What’s My Scene: Julia Holter’s Los Angeles

Ahead of an appearance at Laneway, Los Angeles native JULIA HOLTER presents a guide to her hometown.

“One of the things I love about LA is its mysteriousness,” Julia Holter recently told Pitchfork. “Someone might be doing something great next door to you, but you have no idea because it’s full of all these enclaves.” That’s not to say the Los Angeles-born singer, songwriter and multi-instrumentalist works entirely in a vacuum. Born in LA and part of a tight-knit experimental scene that includes Ramona Gonzalez of Nite Jewel and members of Ariel Pink’s Haunted Graffiti, the CalArts graduate has nonetheless carved a niche of her own in the composer-pop realm (think: Laurie Anderson and Arthur Russell). Her second album Ekstasis featured in many end-of-year polls for 2012, and she’s about to visit Australia for the first time for Laneway Festival and sideshows in Melbourne and Sydney.

Nite Jewel

Of course we are friends and started making music in a similar group of people but the truth is it’s just great music, with a solid and honest foundation I don’t really hear in a lot of other songwriting these days. Also, I don’t think Ramona [Gonzalez] and I were even real friends until I heard her music one night at [LA venue] The Smell and was blown away. She is always changing it up, trying new things, and has a voice that is completely her own.
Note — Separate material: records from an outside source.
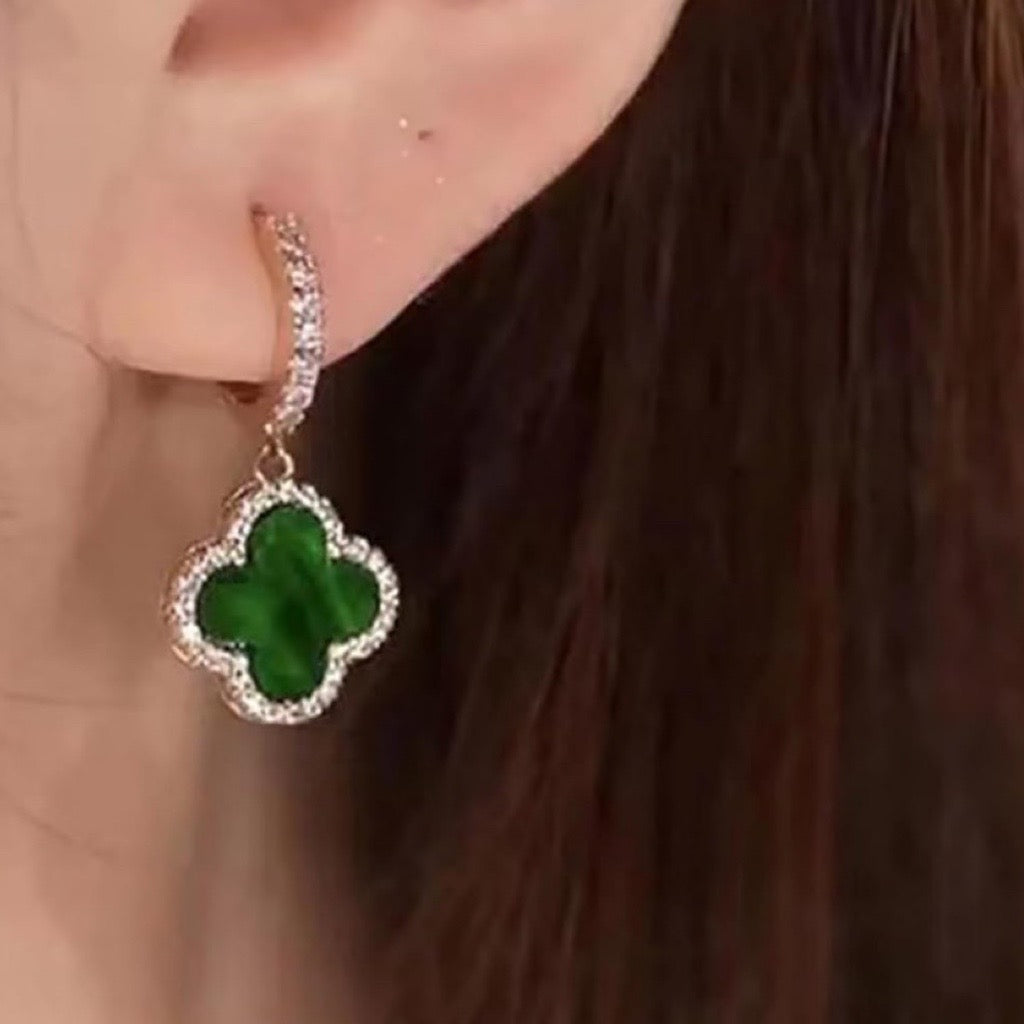 green and gold clover earring in models ear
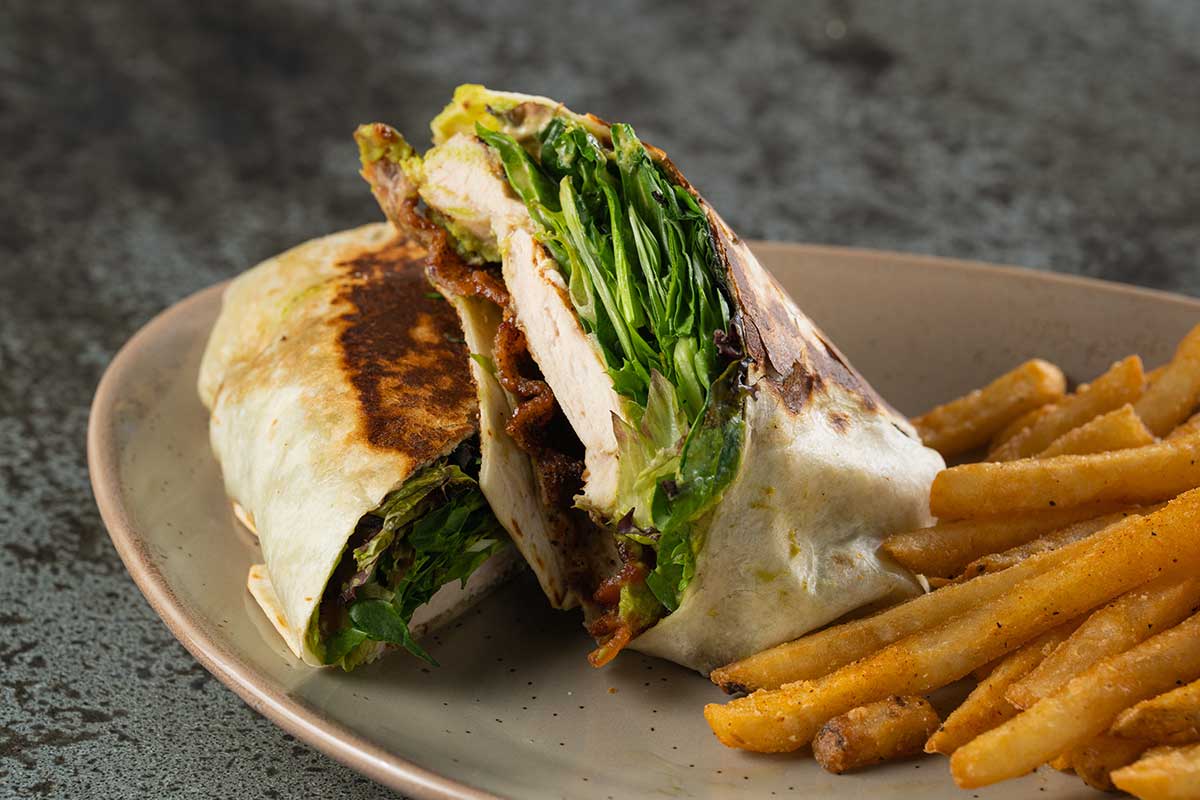 Chicken wrap, with avocado, bacon, lettuce and fries on the side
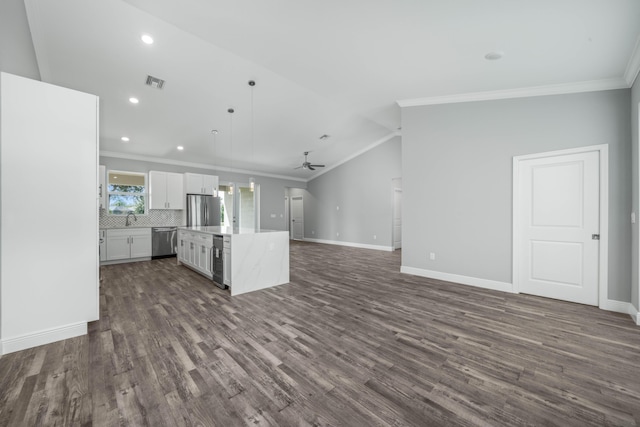 kitchen featuring visible vents, a kitchen island, ceiling fan, open floor plan, and stainless steel appliances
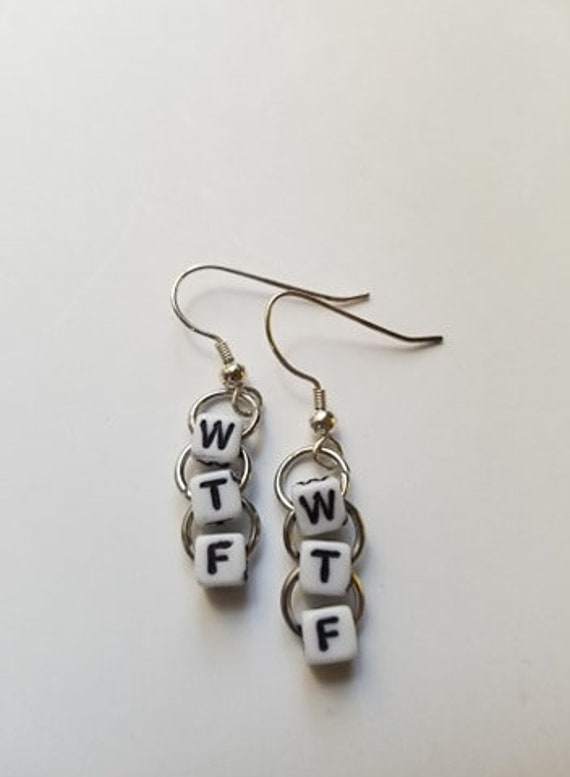 Word dangle sale earrings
Ariel Pink’s Haunted Graffiti

Again, similar circle of friends, but I knew Ariel’s music before I knew Ariel, and I loved it so much. I don’t even know if he knows that. There isn’t much other music I’ve listened to this much. It’s the most intimate rock’n’roll ever created; rock’n’roll that feels like it’s just for you. There are always a million things going on in each song, but the way that it blends magically, that’s because he has a true sense of voice. I never feel like “there’s so much going on, this just doesn’t work”. It all blends. I remember walking around in the freezing cold winter climate I used to live in before I moved back to LA, listening on headphones to ‘House Arrest’ just to keep alive.

Mark So

I perform Mark So’s music a lot. He is a composer friend of mine, who makes a variety of music that is endlessly captivating to me. He’s been making a lot of field recordings on tape recently, but the other night we performed at a bar an older piece of his on synths and harmonium and vocals called ‘Mahler’ that is a bunch of melodies from Mahler songs, all on top of each other in particular ways. A lot of his work is inspired or makes use of the text of poet John Ashbery, which is fitting because both of them make stuff that comes off as effortless and in-the-moment, despite the fact it is very firmly constructed.

Linda Perhacs

Linda had that famous underground classic out in 1970 ‘Parallelograms’, but, on the one day or two a week she has outside of her dental hygienist career, she spends her time writing down and recording new songs. She is a classic visionary, and the way she sees music is more akin to a lot of the music “composers” I know than the typical folk or rock musician – her sensitivity to each sound and the detail she hears, etc. She is really fun to work with, and I’m excited to work on the new songs with her.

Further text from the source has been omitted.